Nurul Aisyah Ramadhani
| Achmad Fauzan Hery Soegiharto* | Timotius Pasang
© 2026 The authors. This article is published by IIETA and is licensed under the CC BY 4.0 license (http://creativecommons.org/licenses/by/4.0/).
OPEN ACCESS
This study experimentally investigates the influence of flame holder thickness on the thermal performance and flame stability of a meso-scale combustor using butane fuel. Duralumin flame holders with thicknesses of 1.0, 1.5, and 2.0 mm were tested under steady premixed conditions to evaluate temperature distribution, flammability limits, and stability behavior. The results show that decreasing the flame holder thickness enhances heat recirculation and promotes more uniform thermal distribution within the combustor. The 1.0 mm configuration achieved the highest peak temperature (approximately 12–15% higher than the 2.0 mm case) and expanded the flame stability range to equivalence ratios between 1.13 and 1.84. These improvements are attributed to a balanced heat feedback mechanism that minimizes conductive losses while sustaining sufficient thermal energy for flame anchoring. The findings align with previous reports by previous researchers, confirming that excessive wall thickness increases heat dissipation and destabilizes meso-scale flames. The present study provides quantitative experimental evidence linking geometric scaling, specifically flame holder thickness, to meso-scale thermal efficiency and flame stability, offering design insight for a compact combustion and a portable power system.

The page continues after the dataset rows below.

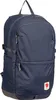 Fjällräven High Coast 24 - Rucksack Produktbild-Vorschau 12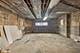 7730 S Essex, Chicago, IL 60649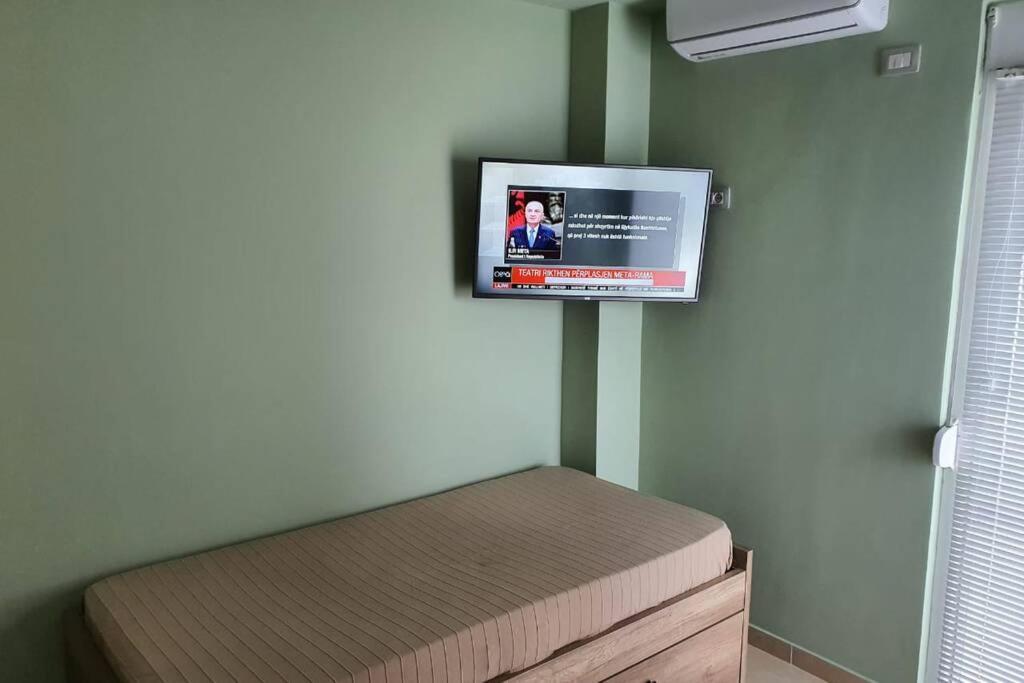 Darla Sea View Apartment วญอเรอ ภายนอก รูปภาพ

combustion efficiency, flame holder, flame stability, flammability limit, heat transfer, thickness
Meso-scale combustors are compact devices designed to sustain combustion within chambers of only a few millimeters in diameter [1]. They received significant attention for their potential in micro- and meso-scale power generation [2], utilizing gaseous or liquid hydrocarbon fuels [3, 4]. Despite these potentials, achieving stable operation remains challenging due to short residence times and pronounced heat losses [5-8]. Consequently, improving understanding of heat transfer mechanisms is crucial to enhancing combustor performance [9, 10]. Recent studies have also highlighted the importance of combustion characteristics and thermal efficiency in energy systems, particularly in relation to temperature distribution and heat utilization within combustion chambers [11, 12].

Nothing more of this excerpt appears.